Il a trente-trois ans au moment de franchir le seuil de cette Sixtine qui le rendra immortel. Il est petit de taille, trapu, d’une complexion frêle, mais endurante ; il est gaucher et a une tête énorme. La barbe longue, les cheveux abondans et légèrement bouclés, les pommettes saillantes et le nez écrasé par le coup brutal de Torrigiano, donnent à sa physionomie une expression étrange et quelque peu hirsute ; mais le front est large et beau, et le regard d’une mélancolie profonde, fascinante. Tel il apparaît encore, — beaucoup plus âgé seulement, et le front sillonné de rides, — dans le portrait conservé à la Pinacothèque du Capitole, et qui est attribué à Marcello Venusti[1]. Il est étonnant, du reste, qu’aucun des maîtres renommés de l’époque n’ait songé à reproduire par le pinceau les traits de Buonarroti. L’œuvre de Raphaël, dans l’ensemble de ses fresques et tableaux, nous présente une galerie presque complète de tous les personnages qui ont marqué à Rome du temps de Santi : — Jules II, Léon X et le futur pape Clément VII ; François-Marie, duc d’Urbino, Giuliano de Medici, duc de Nemours, Castiglione, Bibbiena, Bindo Altoviti et Inghirami ; l’Arioste,

  1. Salle IV, n° 134 ; la peinture est très retouchée.

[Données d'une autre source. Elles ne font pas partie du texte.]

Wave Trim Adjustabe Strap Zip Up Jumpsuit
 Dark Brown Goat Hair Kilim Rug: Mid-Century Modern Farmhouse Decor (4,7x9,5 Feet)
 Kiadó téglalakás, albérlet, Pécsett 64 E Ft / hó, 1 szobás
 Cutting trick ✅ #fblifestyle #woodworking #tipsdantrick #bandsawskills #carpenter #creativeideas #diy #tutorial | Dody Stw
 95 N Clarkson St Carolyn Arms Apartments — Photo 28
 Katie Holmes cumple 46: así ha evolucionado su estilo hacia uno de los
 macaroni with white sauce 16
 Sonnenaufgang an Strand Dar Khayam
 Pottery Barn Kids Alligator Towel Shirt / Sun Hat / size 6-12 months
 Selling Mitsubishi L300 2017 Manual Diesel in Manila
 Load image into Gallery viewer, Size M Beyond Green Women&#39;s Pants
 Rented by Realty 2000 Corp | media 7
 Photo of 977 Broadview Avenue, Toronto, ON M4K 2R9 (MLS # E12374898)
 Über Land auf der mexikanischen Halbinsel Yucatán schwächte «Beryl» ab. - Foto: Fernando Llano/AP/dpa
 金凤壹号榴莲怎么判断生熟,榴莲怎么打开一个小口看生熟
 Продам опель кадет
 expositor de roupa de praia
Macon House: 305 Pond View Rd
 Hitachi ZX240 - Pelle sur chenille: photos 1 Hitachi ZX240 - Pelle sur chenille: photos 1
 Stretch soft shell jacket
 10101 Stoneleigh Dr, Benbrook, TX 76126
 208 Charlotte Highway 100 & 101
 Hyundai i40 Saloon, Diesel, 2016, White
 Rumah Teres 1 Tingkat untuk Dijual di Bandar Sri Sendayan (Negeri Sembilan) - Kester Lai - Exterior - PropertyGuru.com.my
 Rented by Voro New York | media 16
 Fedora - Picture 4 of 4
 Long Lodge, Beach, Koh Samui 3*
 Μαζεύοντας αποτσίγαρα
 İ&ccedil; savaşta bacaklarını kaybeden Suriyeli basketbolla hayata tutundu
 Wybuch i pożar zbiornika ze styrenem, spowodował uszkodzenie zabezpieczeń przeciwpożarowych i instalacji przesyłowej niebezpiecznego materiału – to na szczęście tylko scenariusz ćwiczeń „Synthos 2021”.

Le Capitole possède aussi un admirable buste en bronze, probablement d’après le modèle exécuté par Daniele da Volterra lors de la mort de Michel-Ange. Le même Volterra a donné les traits de Michel-Ange à une figure d’apôtre dans son tableau de l’Assomption à San-Trinita de Monti (3e chapelle) : l’apôtre du premier plan à droite, adossé à un pilier.